I am 36 and just started. I will keep having fun until my body wont let me.


----------



## paulperroni (Dec 22, 2008)

YESSSS!!! My knees hurt, my back hurts, I dont get up as fast as I used to... but I will keep snowboarding even if I have to go down the hill with a walker and an oxygen tank! hahaaaa!


----------



## daysailer1 (Nov 9, 2007)

paulperroni said:


> YESSSS!!! My knees hurt, my back hurts, I dont get up as fast as I used to... but I will keep snowboarding even if I have to go down the hill with a walker and an oxygen tank! hahaaaa!

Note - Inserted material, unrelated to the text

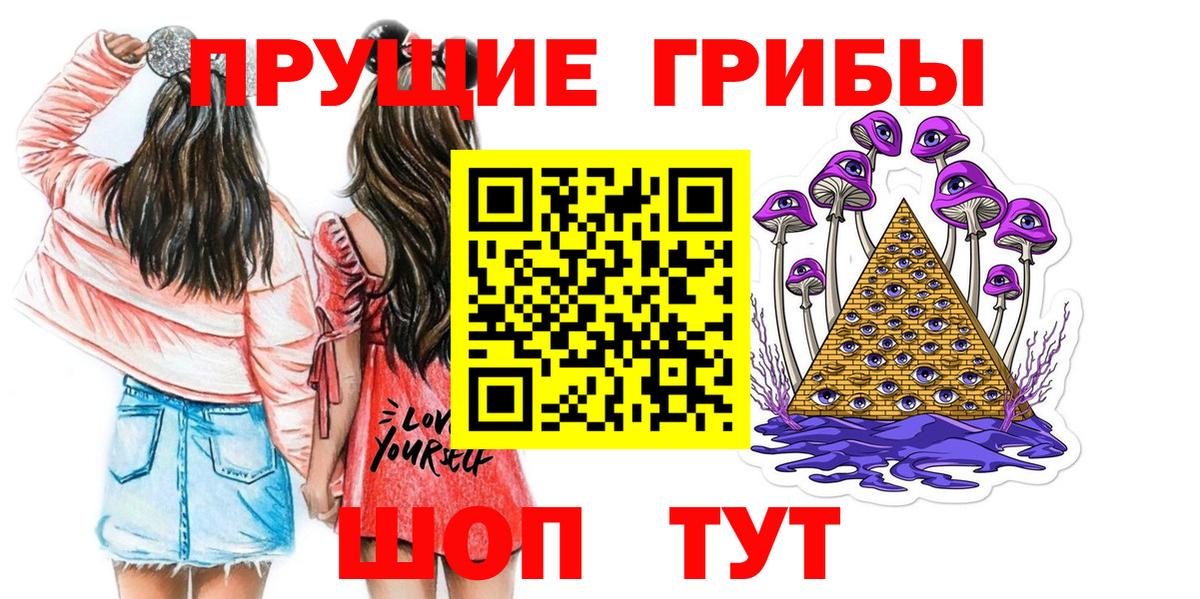 Псилоцибиновые грибы Psilocybe Можга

This is what my walker is going to look like: Lenz Sport Ski Bikes

Watch their YouTube video shot at A-Basin. They are jumping cornices with that thing. There's another video of them taking it over table tops and in the half-pipe.


----------



## paulperroni (Dec 22, 2008)

Hello everyone!
This was my first post and after a couple of months, I finally got to board this weekend in Jay Peak VT.
It was awesome!!!
Only problem is that every single day of my 4 days of riding ended up the same exact way... with my body in complete pain! hahahaaa!!
Anybody with the same problem?
I am 36 as stated in the title of this post and thought I was in good shape, but right now I cant even stand up straight! EVERYTHING HURTS!!!! hahaaa
I CANT IMAGINE MY BODY TAKING THIS PAIN WHEN I TURN 50!!!


----------



## daysailer1 (Nov 9, 2007)

What was the certification level of your instructor? Yeah, you're gonna hurt some but, you shouldn't hurt everyday.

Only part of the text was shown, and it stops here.